Lana Del Rey ran through a long list of her cinematic, melodramatic hits at the Waikiki Shell on Wednesday night.

Calculating and inscrutable, Lana Del Rey inspires fascination. For her concert under a full moon in Honolulu on Wednesday night, she was every bit the mysterious, stylized object of desire and confusion that she has set out to be.

Appearing at the Waikiki Shell for the last stop of her American tour, she played a long set without an opening act, running through a list of shimmering, fatalistic hits, including “Lust For Life,” her new collaboration with The Weeknd.

She appeared in a 1940s-ish, low-cut, flowered dress with a bi-level skirt, adding a flash of the entertainment industry’s depiction of Hawaii to her retro-Hollywood look. Member of her band were clad in aloha shirts; her backup singers, moving sinuously, wore shiny silver mini-dresses.

The stage was tropically colored and highly art-directed, filled out with palm trees and two upholstered lounge chairs — one on each side of the stage, so that she could sit or recline in either location. A large screen flashed behind her, projecting her videos and other synchronized imagery. Two screens flanked the stage, projecting the show to a sold-out crowd that stretched to the back of the lawn.

The music was workmanlike, also synchronized; relying on moody, minor-key swashes of melody to emphasize Del Rey’s fated tableaux.

Those tableaux, though! They’re captivating, cinematic — most often portraying a character who is beautiful and doomed.

Del Rey and her lyrical lovers largely populate a melancholy world, of “Summertime Sadness” (her first song).

“Love is mean, and love hurts,” she sang on “Blue Jeans,” from her 2012 album “Lust For Life. “

On stage, she moved very little, as if immobilized by anti-depressants, but her voice communicated deep levels of dark emotion — longing, sorrow, obsession.

Ultimately, too, her songs also inspire a kind of cynical energy. Her characters do have desires, after all. They are young, or rebellious — lovers (“Young and Beautiful”), skaters (“Video Game”), bikers (“Ride”), gangsters (“Blue Jeans”).

While Del Rey’s persona might be noirish, the flash in her eyes and her impeccably planned presentation signal that what she says is not exactly what she means.
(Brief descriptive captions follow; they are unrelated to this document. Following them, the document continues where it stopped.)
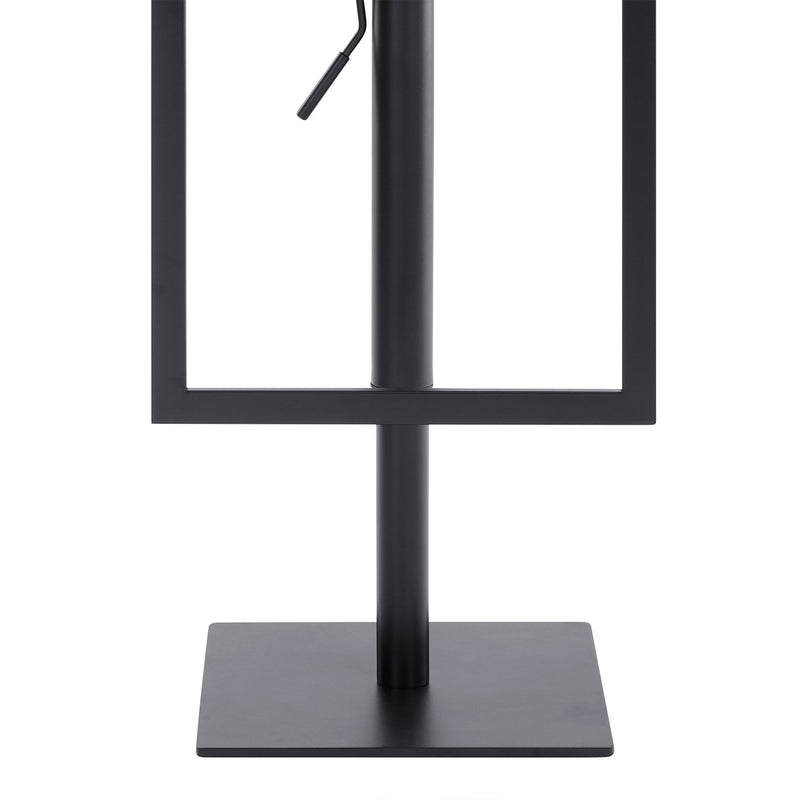 Victory Contemporary Swivel Barstool in Matte Black Finish and Gray Faux Leather - Furniture City (CA)l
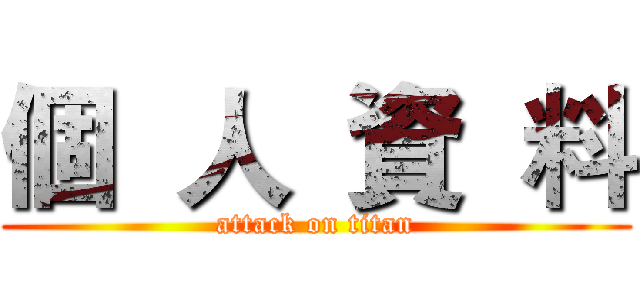 個  人  資  料 (attack on titan)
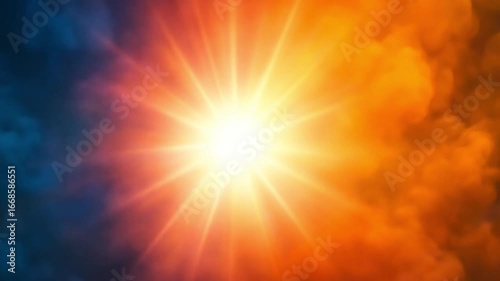 Abstract Gradient Background with Shining Light Burst Effect and Cloud Texture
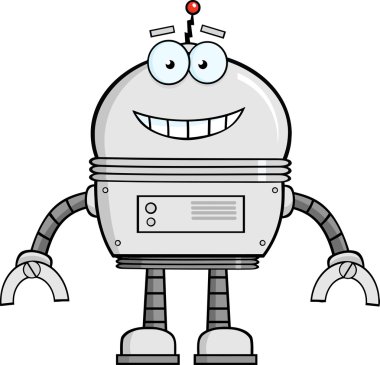 gülümseyen robot çizgi film karakteri.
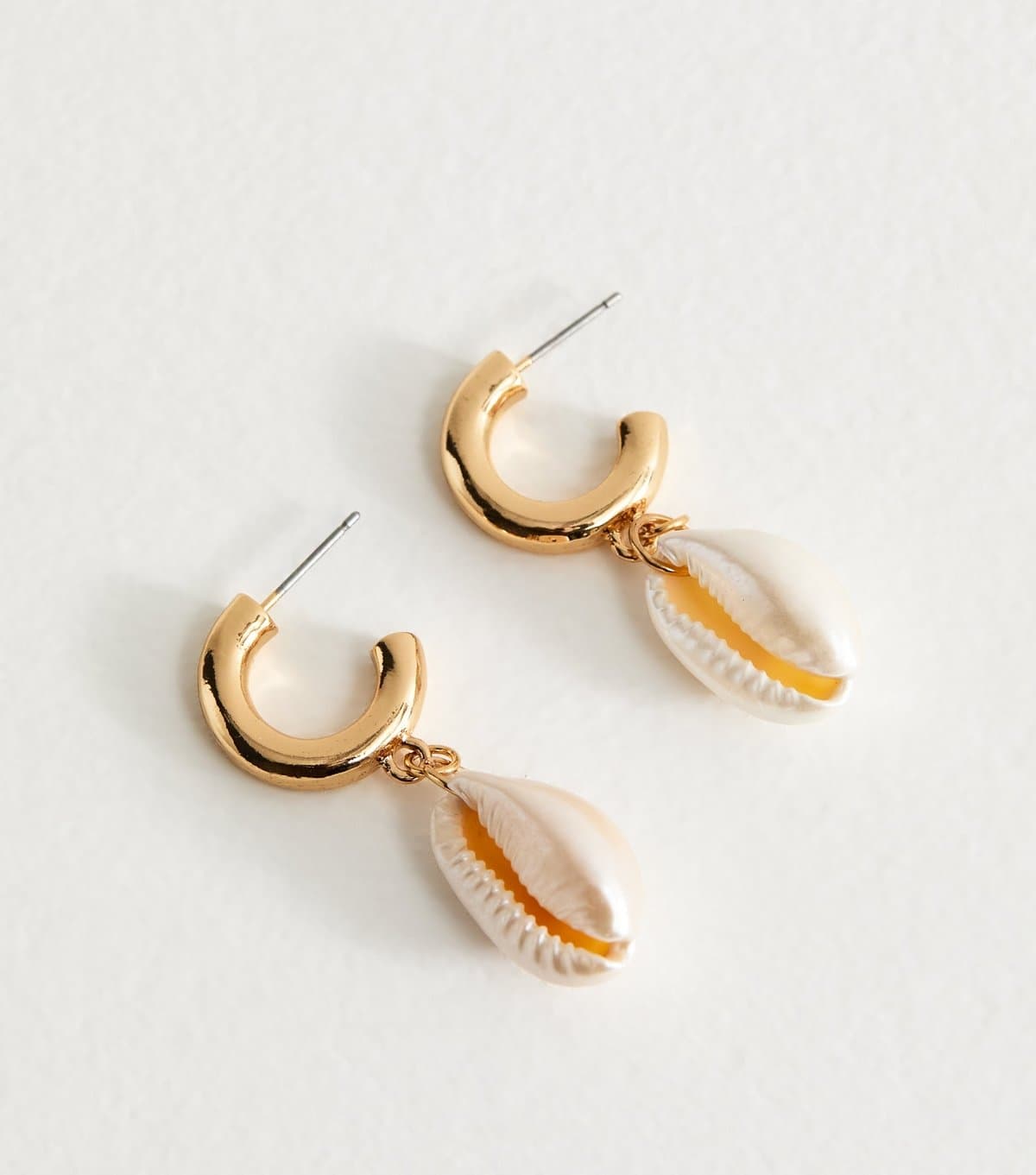 New Look New Look Gold Tone Shell Hoop Drop Earrings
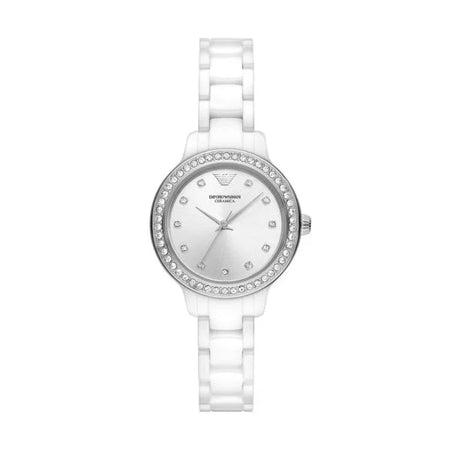 Emporio Armani Women's Three-Hand White Ceramic Watch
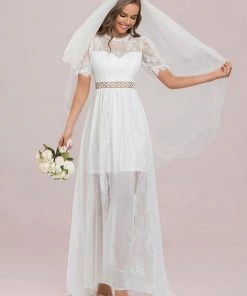 Ever-Pretty US Summer Dresses 2022 Short Sleeve Floral Lace Sheer Vintage Wedding Dress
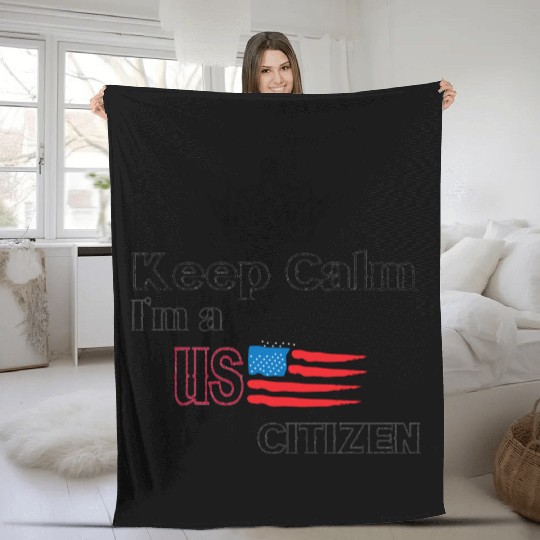 keep calm im us citizen Fleece Blankets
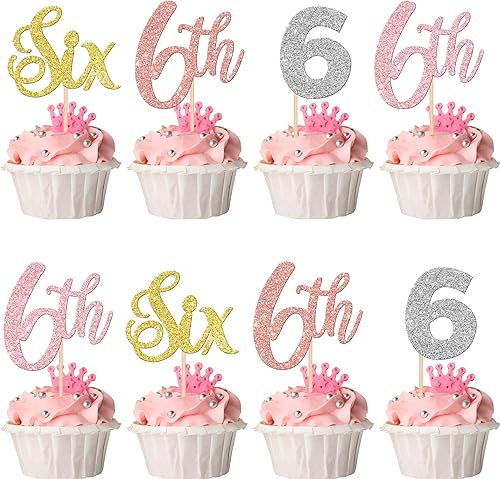 24 piezas de decoración de seis cupcakes con purpurina para 6 cumpleaños, número 6, decoración de seis pasteles para baby shower, niños, suministros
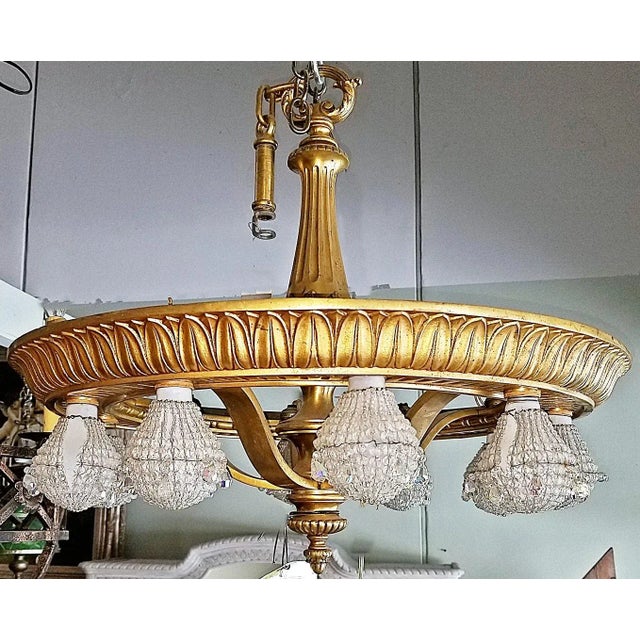 French French Bronze Dore' Wheel Chandelier For Sale - Image 3 of 6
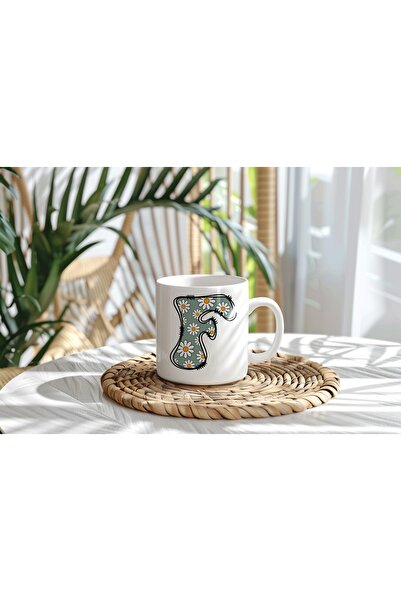 Beramussa كوب على شكل حرف F مزين بنقشة الأقحوان - تصميم ريترو ربيعي - كوب شاي...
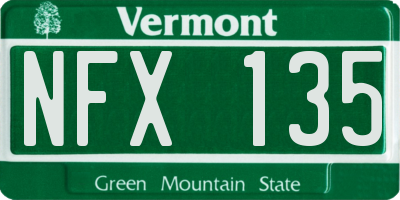 VT license plate NFX135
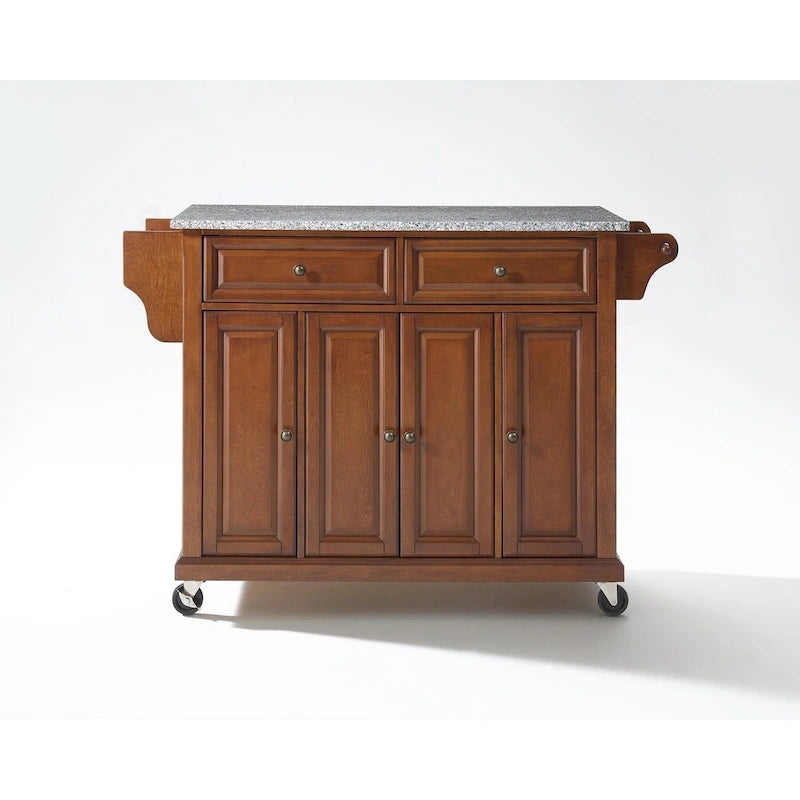 Full Size Granite Top Kitchen Cart in Cherry - 18d x 51.5w x 36h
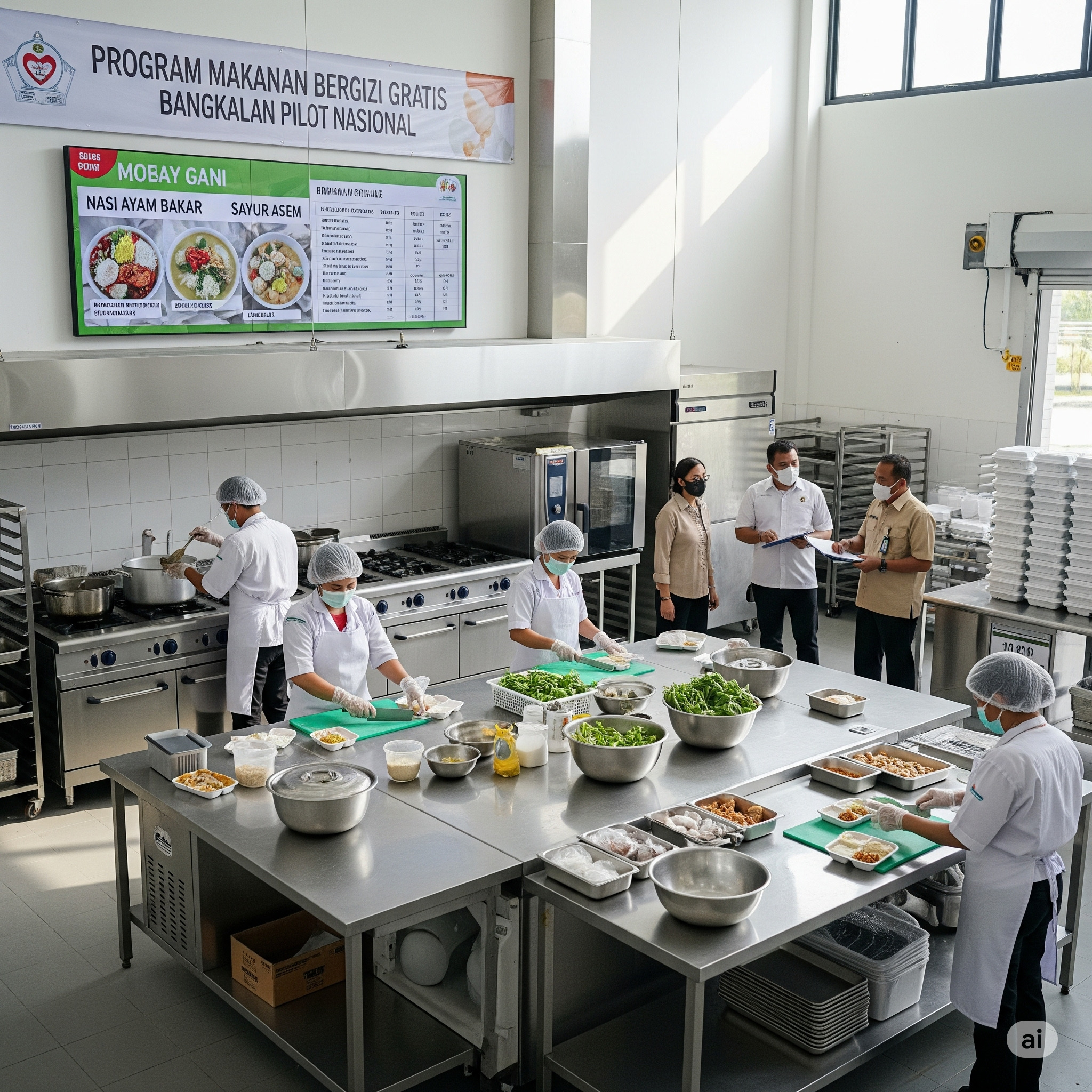 Ilustrasi dapur MBG yang tampak bersih dan steril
Del Rey has described herself as a “self-styled gangsta Nancy Sinatra.” That’s a nice encapsulation of her calculated persona: sexy, in control, and not averse to using stereotypes and stock stories to her own advantage.

Sinatra used her go-go boots for walking; Del Rey uses the image of the damaged, needy female accessory to cause unease, slip from the grasp of easy caricature, and also rake in the dough. That is pretty gangsta.

As she sings in that new single, “Lust For Life”: “We’re the masters of our own fate/ We’re the captains of our own souls/ So there’s no need for us to hesitate/ We’re all alone, let’s take control.”